### [Directions]
From the line containing "Then select Personal" to the last line of the data, both included, transcribe each line exactly, leaving out pictures and adding nothing.

### [Information shown]
_ _ _ _
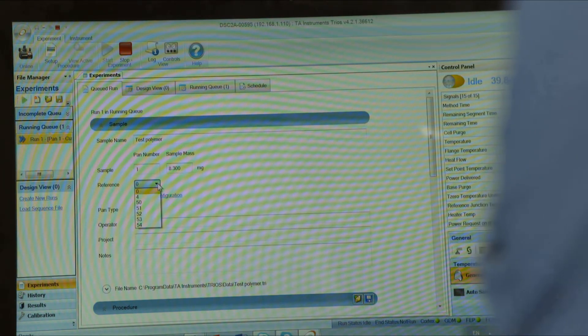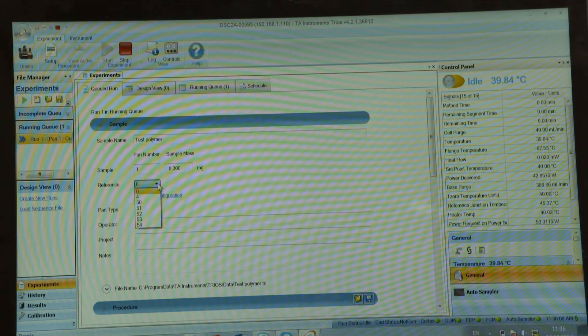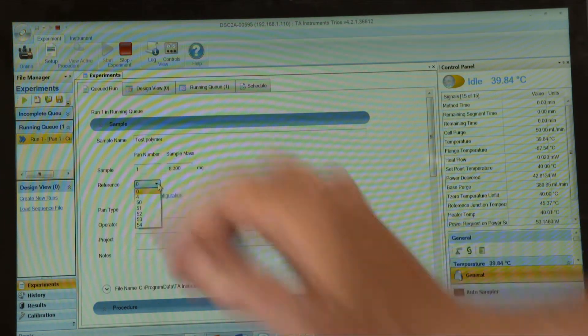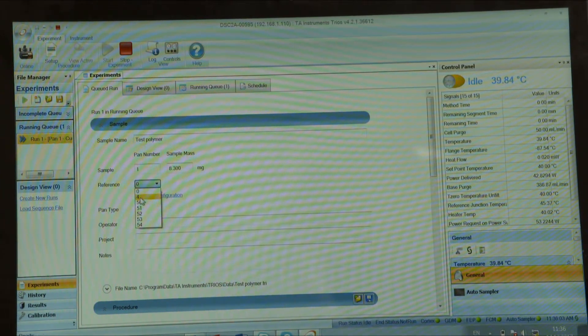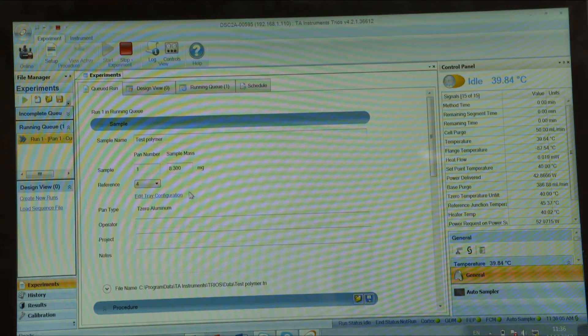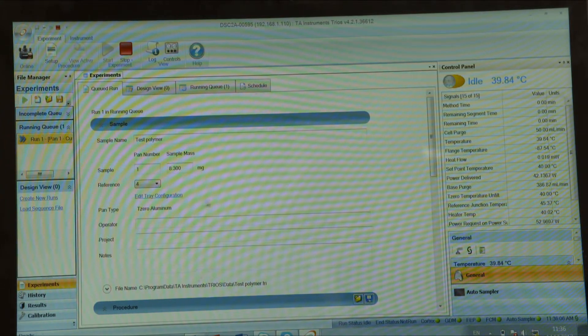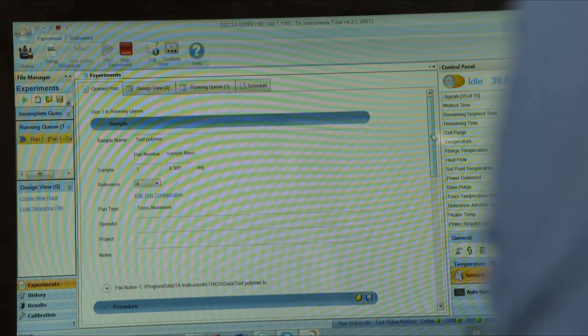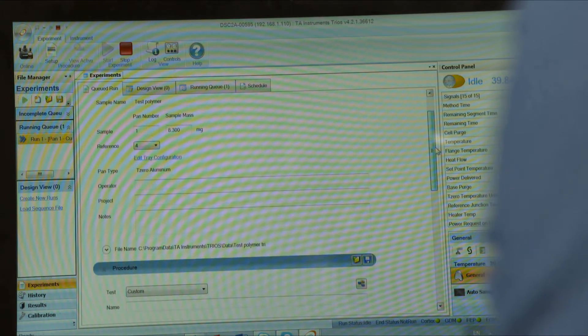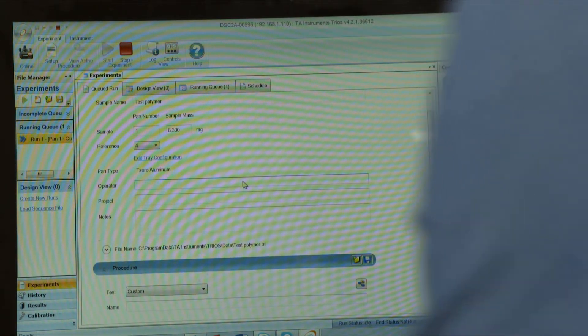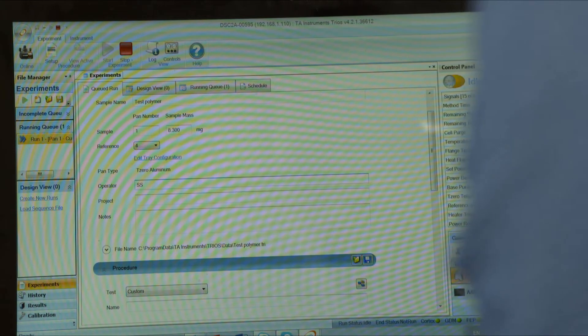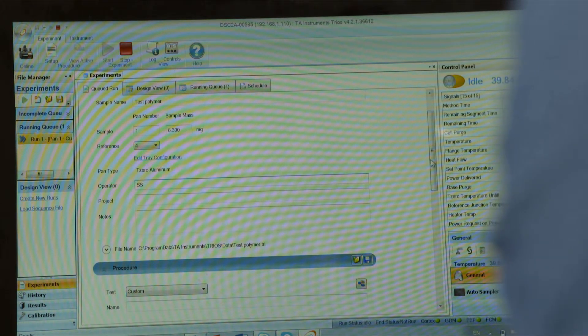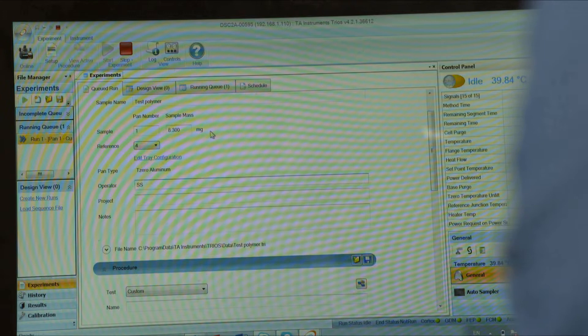You need to put position for your reference pan, so for example we use position four. Enter operator. File name is shown as a sample name.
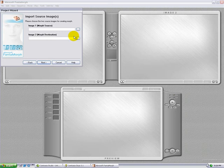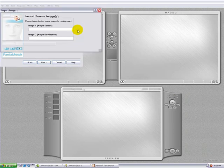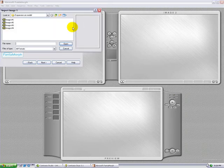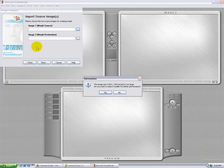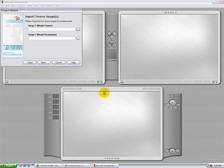We're going to import the images for this project. Click on image number 1. Choose the thumbnails and click on image number 1. Click yes to minimize the size.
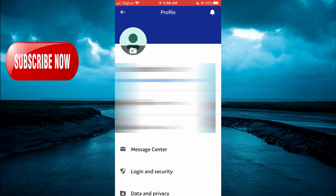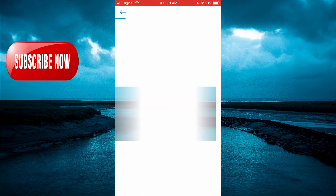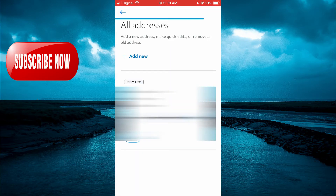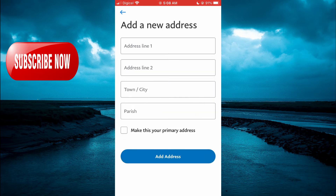Then select Personal Info, then tap on Addresses. Next, tap on Add New Address and simply enter the new billing address.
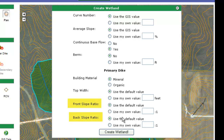For front slope and back slope, the same thing applies. We have a default value plugged in. If you want to put in your own value for front slope and back slope, you can enter those also.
_ _ _ _
### [Reply to the exercise]
Then select Personal Info, then tap on Addresses. Next, tap on Add New Address and simply enter the new billing address.
For front slope and back slope, the same thing applies. We have a default value plugged in. If you want to put in your own value for front slope and back slope, you can enter those also.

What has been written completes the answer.